Course: I²S audio codec ADC/DAC interface using VHDL and the Xilinx Zynq FPGA
Learn to implement the I²S protocol in VHDL and configure the ADAU1761 ADC/DAC audio codec chip on the Xilinx Zedboard with bare-metal C programming.
Description
This course teaches you how to set up an FPGA system-on-chip (SoC) design for audio processing applications.
First, we create a block design in Vivado and use the Xilinx IIC IP core to interface the configuration port of the Analog Devices ADAU1761 audio codec chip. Then, we export the project to Vitis and write a bare-metal C program to configure its register according to the datasheet.
In the second section of this course, we write a VHDL module that can communicate with the ADAU1761 using the I²S protocol. This module can read audio samples from the ZedBoard’s ADC (analog-to-digital converter) and them back to the DAC (digital-to-analog converter).
With this setup, you can implement any audio processing algorithm in VHDL by manipulating the 24-bit left/right audio samples that are coming from the ADC and going to the DAC.
Finally, in the last section of this course, we create a self-checking testbench for the VHDL design. You will learn to use a bus-functional model (BFM) to simulate the external audio codec chip that the DUT (device under test) talks to, and you will see how to visualize audio data in the simulator waveform.
This course is only available in the VHDLwhiz Membership.
The membership subscription gives you access to this and many other courses and VHDL resources.
You pay monthly to access the membership and can cancel the automatic renewal anytime. There is no lock-in period or hidden fees.
Hardware used in the course
- Xilinx (Avnet) ZedBoard (SKU: AES-Z7EV-7Z020-G)
Resellers: Avnet, Digilent, Farnell, Newark, Mouser, DigiKey
(The ADAU1761 ADC/DAC is on the ZedBoard)
Software used in the course
I am using Windows 10 in the course. All the other software is available for free for Windows and Linux:
- Questa – Intel FPGA Edition(includes Starter Edition)
(Any version of ModelSim or QuestaSim will work) - Xilinx Vivado and Vitis
(Or the implementation software for your FPGA architecture) - Microsoft Visual Studio Code
(Any editor will do) - Generic speakers and mini jack audio cable
- Generic mini jack (male) to mini jack (male) cable
Course outline
The overview below shows the lessons you can access after purchasing this course.

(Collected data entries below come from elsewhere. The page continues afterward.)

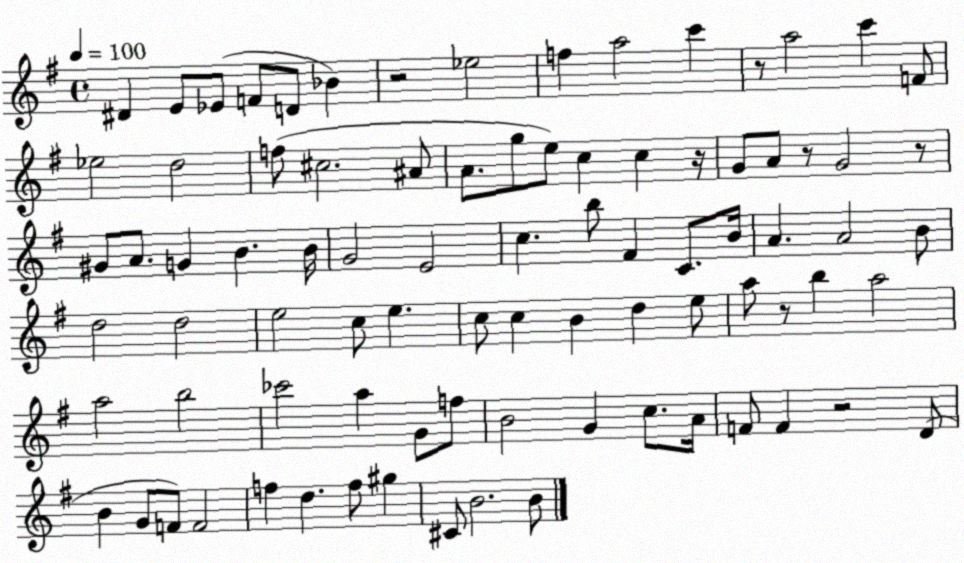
X:1
T:Untitled
M:4/4
L:1/4
K:G
^D E/2 _E/2 F/2 D/2 _B z2 _e2 f a2 c' z/2 a2 c' F/2 _e2 d2 f/2 ^c2 ^A/2 A/2 g/2 e/2 c c z/4 G/2 A/2 z/2 G2 z/2 ^G/2 A/2 G B B/4 G2 E2 c b/2 ^F C/2 B/4 A A2 B/2 d2 d2 e2 c/2 e c/2 c B d e/2 a/2 z/2 b a2 a2 b2 _c'2 a G/2 f/2 B2 G c/2 A/4 F/2 F z2 D/2 B G/2 F/2 F2 f d f/2 ^g ^C/2 B2 B/2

1 – ZedBoard audio pass-through
We start by creating a system-on-chip (SoC) design in Vivado to communicate with the ADAU1761 audio codec chip’s I²C configuration port. Then we write a C program in Vitis to configure the chip using the Zynq-7000 FPGA’s ARM processor.
1.1 - Project overview
Welcome to this bonus series which is a walkthrough of how I created this month's resource item.
1.2 - Vivado project setup
Let's get started by creating a Vivado project and a folder to store our design files.
1.3 - Vivado block design
Using a block design, we can utilize the free IP cores available in Vivado without coding VHDL.
1.4 - Exporting the hardware to Vitis
To access the custom logic from a C program running on the ARM core, we must first export the hardware configuration from Vivado to Vitis.
1.5 - Creating an application project
Let's first try a template Hello World! application to make sure that the software design flow is working.
1.6 - ADAU1761 I2C configuration
This lesson will go through the C program that writes to the configuration registers on the ADAU1761 chip using I²C.
1.7 - Testing with ILA and speakers
It's time to test the design and see if we can stream audio through the FPGA.
2 – I²S audio interface
In this section, we create an I²S interface module in VHDL. We’ll use it for sending and receiving audio samples through the ADAU1761 audio codec chip on the Xilinx ZedBoard.
2.1 - Project overview
We will create a VHDL module for interfacing an I²S audio codec chip. And we will make a self-checking testbench to verify it in simulation.
2.2 - How I2S works
Before we can create an I²S module, we have to understand how the interface works.
2.3 - Module entity
We'll start on the I²S VHDL module by defining the entity signals and creating the ModelSim project.
2.4 - Synchronize inputs
We need to synchronize the input signals coming from the ADAU1761 chip to the system clock.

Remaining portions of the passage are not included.